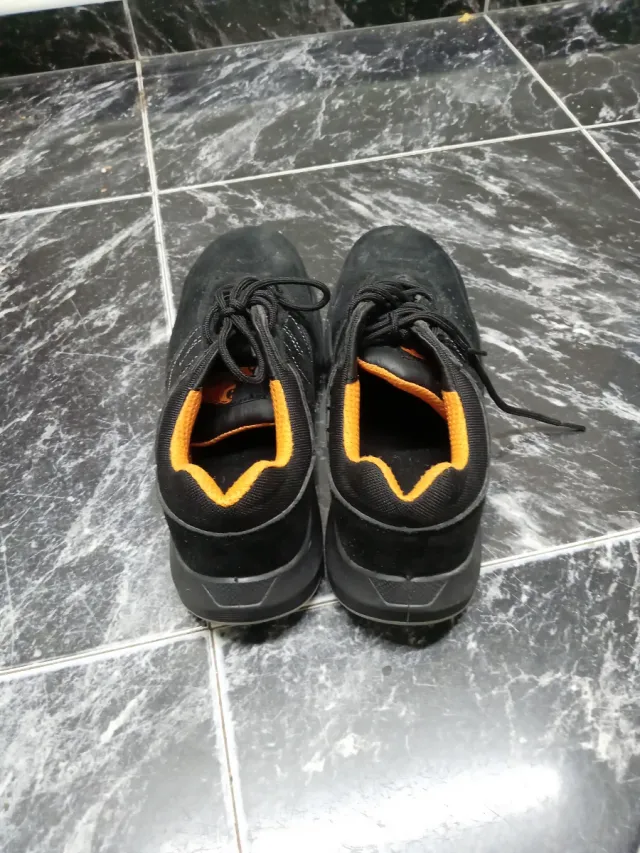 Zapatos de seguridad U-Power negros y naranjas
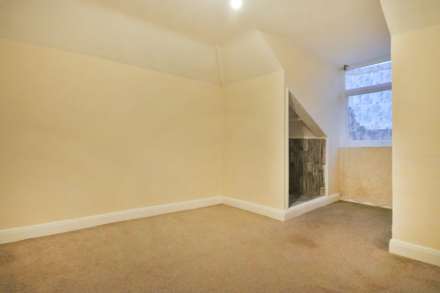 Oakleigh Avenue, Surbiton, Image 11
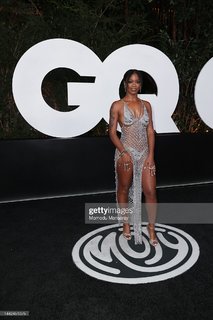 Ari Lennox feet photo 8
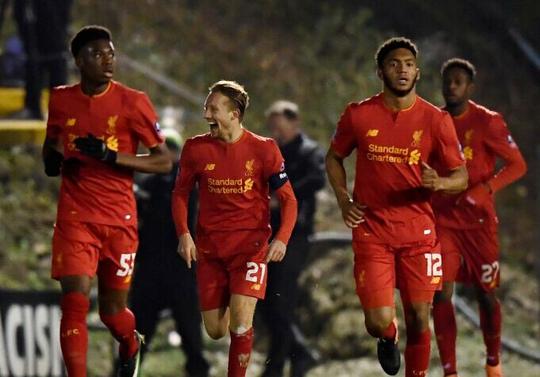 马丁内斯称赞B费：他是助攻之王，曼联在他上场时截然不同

* * *

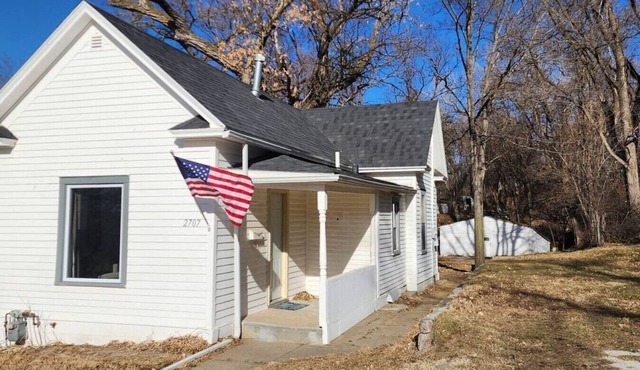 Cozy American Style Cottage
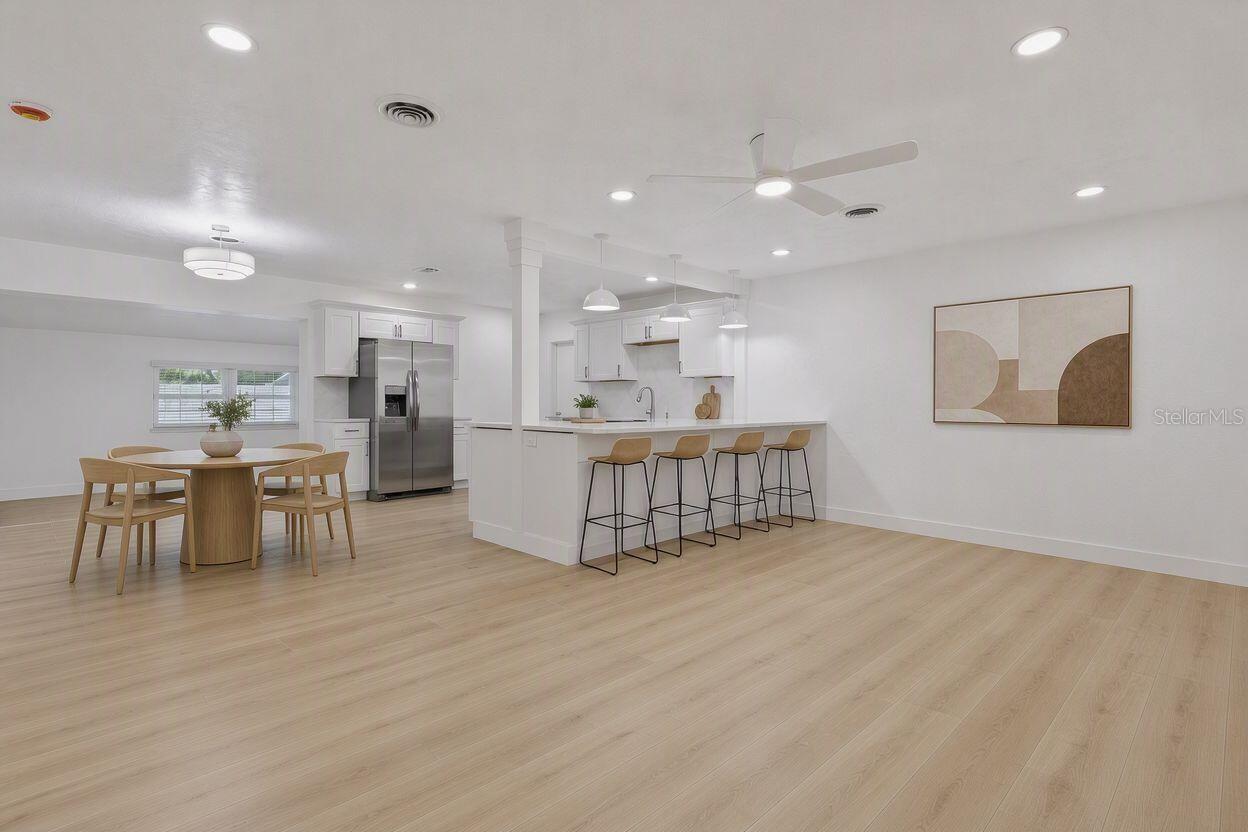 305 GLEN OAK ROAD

**Task description**. Your answer must be everything above from the line with "Oakleigh Avenue, Surbiton, Image 11" down to the line with "马丁内斯称赞B费：他是助攻之王，曼联在他上场时截然不同", word for word, and no pictures.

**Solution**.
 Oakleigh Avenue, Surbiton, Image 11
 Ari Lennox feet photo 8
 马丁内斯称赞B费：他是助攻之王，曼联在他上场时截然不同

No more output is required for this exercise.